Personal information
- Full name: George Shaw
- Nickname(s): Yorkie
- Date of birth: 1 April 1886
- Place of birth: Sydney, New South Wales
- Date of death: 30 April 1971 (aged 85)
- Place of death: Fitzroy, Victoria
- Original team(s): Fitzroy juniors
- Height: 164 cm (5 ft 5 in)
- Weight: 65 kg (143 lb)
- Position(s): Rover

Playing career^{1}
- Years: Club / Games (Goals)
- 1911–1920: Fitzroy / 117 (48)
- ^{1} Playing statistics correct to the end of 1920.

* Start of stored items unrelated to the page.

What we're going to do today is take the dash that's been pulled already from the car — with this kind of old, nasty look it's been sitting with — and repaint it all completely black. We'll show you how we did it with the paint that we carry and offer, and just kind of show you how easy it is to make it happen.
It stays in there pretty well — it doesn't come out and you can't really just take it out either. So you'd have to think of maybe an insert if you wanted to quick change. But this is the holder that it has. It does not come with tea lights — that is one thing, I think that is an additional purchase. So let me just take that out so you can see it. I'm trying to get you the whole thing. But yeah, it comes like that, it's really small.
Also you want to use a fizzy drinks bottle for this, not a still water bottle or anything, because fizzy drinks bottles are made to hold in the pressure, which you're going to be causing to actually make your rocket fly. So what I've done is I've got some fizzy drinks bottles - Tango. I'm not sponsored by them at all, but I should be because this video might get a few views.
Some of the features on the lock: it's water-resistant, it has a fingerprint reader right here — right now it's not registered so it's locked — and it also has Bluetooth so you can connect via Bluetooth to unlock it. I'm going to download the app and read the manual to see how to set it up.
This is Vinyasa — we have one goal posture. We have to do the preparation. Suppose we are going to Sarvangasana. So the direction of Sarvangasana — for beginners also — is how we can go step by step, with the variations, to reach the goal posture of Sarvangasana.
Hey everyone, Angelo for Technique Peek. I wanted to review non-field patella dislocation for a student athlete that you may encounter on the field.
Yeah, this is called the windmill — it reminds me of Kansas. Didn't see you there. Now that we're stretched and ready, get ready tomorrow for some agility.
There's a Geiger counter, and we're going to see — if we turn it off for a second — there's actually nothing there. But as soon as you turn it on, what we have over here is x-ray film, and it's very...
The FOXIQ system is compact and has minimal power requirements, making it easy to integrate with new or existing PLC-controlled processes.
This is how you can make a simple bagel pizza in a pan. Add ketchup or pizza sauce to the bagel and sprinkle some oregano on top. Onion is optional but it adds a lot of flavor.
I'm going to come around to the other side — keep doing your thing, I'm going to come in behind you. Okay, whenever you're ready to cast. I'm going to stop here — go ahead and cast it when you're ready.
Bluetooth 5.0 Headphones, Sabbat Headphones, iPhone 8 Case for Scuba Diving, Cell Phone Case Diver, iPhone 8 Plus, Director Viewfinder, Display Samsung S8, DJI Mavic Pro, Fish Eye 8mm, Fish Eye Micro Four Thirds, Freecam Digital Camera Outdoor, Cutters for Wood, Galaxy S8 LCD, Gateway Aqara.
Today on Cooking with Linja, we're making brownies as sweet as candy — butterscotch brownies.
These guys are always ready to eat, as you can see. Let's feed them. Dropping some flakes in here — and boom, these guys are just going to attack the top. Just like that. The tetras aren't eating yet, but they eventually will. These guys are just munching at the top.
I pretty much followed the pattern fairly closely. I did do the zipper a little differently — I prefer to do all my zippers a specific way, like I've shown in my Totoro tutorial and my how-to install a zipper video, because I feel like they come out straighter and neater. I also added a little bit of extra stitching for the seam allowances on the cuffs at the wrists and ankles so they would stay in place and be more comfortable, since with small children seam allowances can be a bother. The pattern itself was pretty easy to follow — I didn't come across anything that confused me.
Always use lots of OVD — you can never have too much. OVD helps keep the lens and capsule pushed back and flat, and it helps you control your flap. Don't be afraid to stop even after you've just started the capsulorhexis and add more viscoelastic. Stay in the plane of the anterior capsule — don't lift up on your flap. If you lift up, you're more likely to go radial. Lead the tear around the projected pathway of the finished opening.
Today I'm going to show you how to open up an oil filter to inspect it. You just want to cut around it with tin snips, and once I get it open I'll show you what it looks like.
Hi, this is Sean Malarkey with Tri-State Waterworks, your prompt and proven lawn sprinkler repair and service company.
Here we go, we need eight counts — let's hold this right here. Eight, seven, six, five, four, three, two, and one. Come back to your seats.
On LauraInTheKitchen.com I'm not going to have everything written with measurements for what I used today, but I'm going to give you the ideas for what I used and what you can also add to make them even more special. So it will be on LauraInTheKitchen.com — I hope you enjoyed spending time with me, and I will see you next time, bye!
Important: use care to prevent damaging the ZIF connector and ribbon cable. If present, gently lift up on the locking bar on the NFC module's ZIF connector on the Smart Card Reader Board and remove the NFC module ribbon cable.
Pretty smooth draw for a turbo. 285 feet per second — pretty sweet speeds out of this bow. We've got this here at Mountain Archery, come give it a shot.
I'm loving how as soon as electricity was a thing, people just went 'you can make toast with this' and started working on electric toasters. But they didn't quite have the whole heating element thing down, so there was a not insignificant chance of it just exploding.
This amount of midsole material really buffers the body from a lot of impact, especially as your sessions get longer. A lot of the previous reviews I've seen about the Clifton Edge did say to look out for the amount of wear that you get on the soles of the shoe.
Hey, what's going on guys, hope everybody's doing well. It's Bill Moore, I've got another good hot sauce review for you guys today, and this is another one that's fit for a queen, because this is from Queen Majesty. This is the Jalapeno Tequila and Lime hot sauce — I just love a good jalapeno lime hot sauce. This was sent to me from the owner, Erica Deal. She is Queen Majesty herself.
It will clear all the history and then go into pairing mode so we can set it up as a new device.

= George Shaw (footballer, born 1886) =

Australian rules footballer and umpire

George "Yorkie" Shaw (1 April 1886 – 30 April 1971) was an Australian rules footballer who played with Fitzroy in the Victorian Football League (VFL) during the 1910s.

==Football==
At 164 cm, rover George Shaw was one of the smallest players in the game's history and kicked two goals in their 1913 Grand Final win against St Kilda. He also played in their premiership side in 1916, retiring in 1920 after playing 117 games for Fitzroy.

Following an unsuccessful pre-season trial with Richmond in 1922, Shaw took a position on the VFL field umpires list. Umpiring primarily in the Peninsula Football Association through 1922 and 1923, he was selected to umpire two VFL matches in August 1923, making his debut as a substitute for umpire Bob Scott, who was ill.

==Death==
He died at Fitzroy, Victoria on 30 April 1971.